Gatsby, React

A Static Future

The magic of compile-time workflows

As static sites enjoy an incredible resurgence in popularity, I've seen a lot of misconceptions around exactly what tools like Gatsby are capable of.

Specifically, I've heard from some friends that liked the idea of using Gatsby, but worried that their project was "too dynamic". Sometimes this meant that they expected to need a database, and other times they were concerned that their site was too interactive.

After building a handful of Gatsby projects, I feel more convinced than ever that Gatsby can do just about anything. And even more than that, I think static-driven approaches are the future for dynamic, interactive, data-driven websites and web applications.

Today I'd like to talk about it.

Defining “Static”

The term “static” can be a little overloaded, and occasionally a little misleading. Here's how I'd define it:

A static website is a website where the initial HTML is prepared ahead of time, not dynamically generated by a server on request.

When you make a request to this website, for example, Netlify serves pre-generated HTML to you. I don't have a Node server dynamically rendering HTML documents on-the-fly.

This might sound very limiting to you, but my hope today is to convince you that actually, this is a have-your-🍰-and-eat-it-too situation. The benefits of static generation don't have to come at the cost of rich, dynamic applications!

It's still React

Gatsby and Next.js are both wrappers around React. Anything you can do with React can be done with Gatsby or Next.

For example, last year I built a generative art tool called Tinkersynth:

Tinkersynth is a tool that lets users create unique generative art by tweaking whimsical controls. As you might expect, there's a lot of client-side JS involved. I'm even taking advantage of specialized browser APIs; calculations are done in a web worker and painted to an OffscreenCanvas.

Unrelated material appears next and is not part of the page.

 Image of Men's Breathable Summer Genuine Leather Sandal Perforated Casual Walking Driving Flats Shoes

I initially created this project with create-react-app, and migrated it to Gatsby because I wanted to improve its load performance without spending too much time going down that rabbithole.

What does it mean to statically build a project like this? Well, here's what this page's initial HTML looks like:

Screenshot of a browser loading a page, with visible header + footer and a whimsical loading spinner

This is in contrast to the initial HTML when using create-react-app (or any other client-side-based approach):

Screenshot of a browser loading a page, with an all-blank screen

In both cases, the client receives and displays an initial HTML document while it fetches, parses, and executes our JS bundle with our React application. The difference is that our initial HTML document in a Gatsby app is much more lively; it has a full layout, and a cute custom loading spinner to indicate that stuff's happening. The perceived performance is much better; the site feels faster because we've given them something to look at while we do the work needed to let them create art.

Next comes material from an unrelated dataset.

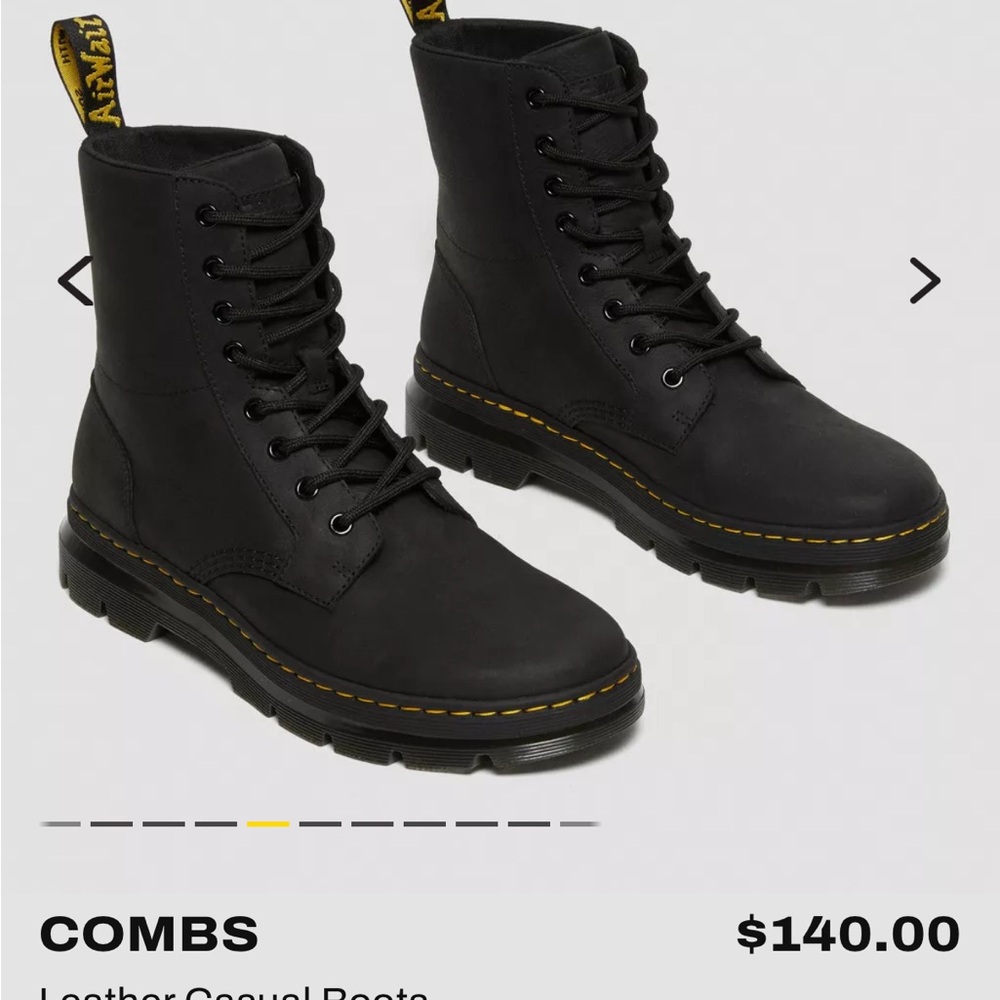 Dr. Martens Black Lace-Up Canvas Combat Boots - Picture 8 of 8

You can still pull data from a database

What about for applications that depend on data that lives in a database?

As an example, let's say we're building an e-commerce store that sells novelty products, like this Hello Kitty® coffee machine:

Amazingly, this is a real thing which actually exists!

In a typical server-rendered application, our request might go on a journey like this:

  1. The client makes a request to /shop/hello-kitty-coffee-machine
  2. The server queries the CMS or database to retrieve info about the requested item.
  3. The server generates an HTML file for the coffee machine, highlighting all the relevant details (name, price, cat sounds it makes while percolating…).
  4. The server sends that HTML file to the client.

How would we replicate this in a static Gatsby site? We have two options.

The first option is probably the most common, and it involves a static web host for the initial content, and then some sort of API or app server:

  1. The client makes a request to /shop/hello-kitty-coffee-machine
  2. The web server immediately returns a generic HTML file. It doesn't contain any information about cats or coffee machines. Probably has some spinners.
  3. After parsing that HTML, the client makes a fetch call to the app server, to request information about the specific product
  4. The app server queries the CMS or database, and sends just the data back as JSON
  5. The client uses that JSON to update the view

This is a trade-off. On the one hand, we can paint a UI much more quickly, and allow the user to access general information. On the other, specific product info will take a bit longer to show up.

What if we didn't have to make this tradeoff though? What if we could get the fully-formed HTML document served from the web server?

Mindset shift required

When developing applications, we tend to think of everything in runtime terms. We have a "template" that can be populated with data from a database, and this process happens in a real-time, made-to-order way.

What if we could build everything at compile-time, though? What if we already had all the HTML files we needed, for every shop item?

Here's what that would look like:

  1. The client makes a request to /shop/hello-kitty-coffee-machine
  2. The web server immediately returns a complete HTML file, with all of the cat coffee machine info.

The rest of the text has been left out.